Field Notes: One Less Drive-Through

It’s hard to always do the right thing. Hi, my name is Trevor Harris and I have high cholesterol. My body is genetically predisposed to higher cholesterol says the doctor. I also have a family history of heart disease. Those factors taken together led my doctor to suggest lifestyle changes. It seems like an extreme term for what is needed. I hear lifestyle change and I think about becoming trans or becoming a travelling hemp activist or something like that. None of that is required. The good doctor says to eat less meat and other high cholesterol foods. 

And that is where doing the right thing comes into play. Most days I can eat oatmeal and kale and veggie burgers and tofu and love it all. 

It is when I travel that I get off my nut as they used to say. 

Last week I went to Missouri’s Bootheel on a podcast reconnaissance trip. In case you didn’t know, the bootheel is not known as a vegan hotspot. The hotel in the small town where I stayed for three days was near enough a McDonalds that I could almost smell it. So I went there. I went there three times in three days. There was also a Burger King visit in there somewhere. 
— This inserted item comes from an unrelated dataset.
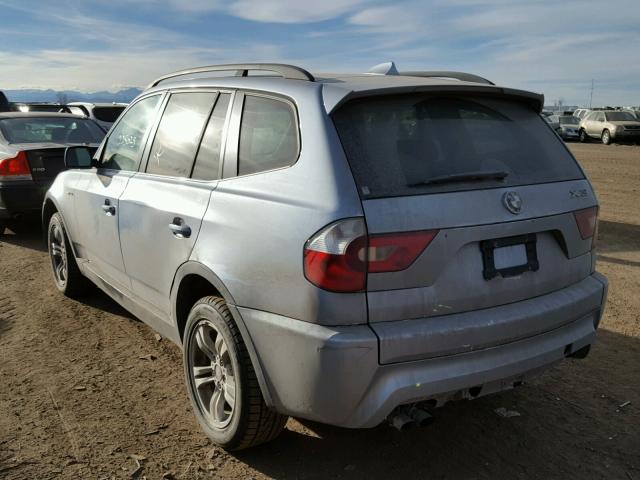 WBXPA93486WD32164 - 2006 BMW X3 3.0I BLUE photo 3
I don’t travel too much, but when I do my diet such as it is all falls apart. Somehow, I psych myself into believing that food eaten far from home doesn’t count. Or at least that’s how I justified snarfling down those Quarter Pounders and yes, I’ll take fries with that thank you. 
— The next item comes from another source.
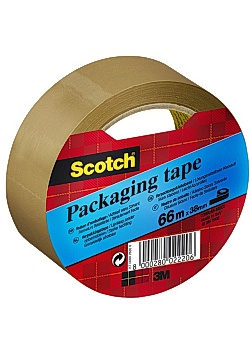 Packtejp SCOTCH 38mmx66m 48my brun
Back home, I can honor my mandate for health and eat at regular times. I am blessed to have a wife who is a committed vegetarian and a good cook. Lisa seems to genuinely enjoy creating new dishes for us to try. Although Friday night is always pizza night. When Lisa is here, she sees to it that our noon and evening repast happens like clockwork. We eat balanced meals and I am grateful. I am very good at dish doing. When Lisa goes to a work conference, however, my schedule shifts. I can be mercurial about when I eat and sleep. Not eating lunch until 3:00pm doesn’t bother me until I am on one of my regular mulch site runs and realize how hungry I am what with it now closer to dinner than lunchtime.  

Suddenly the Boca burgers at home in the fridge are forgotten as I create a fast-food map in my mind. It takes a healthy dose willpower to skip the fried chicken at the first grocery store I pass. Then avoid other. I visualize how I could drive to KFC for a three-piece or over to Arbys for their gyros. My intellect battles with my stomach. The part of me that knows all the food at home is so much healthier works to suppress my stomach’s urge to navigate our Ford Ranger to the drive-thru for a full meal deal thank you not just the burger! 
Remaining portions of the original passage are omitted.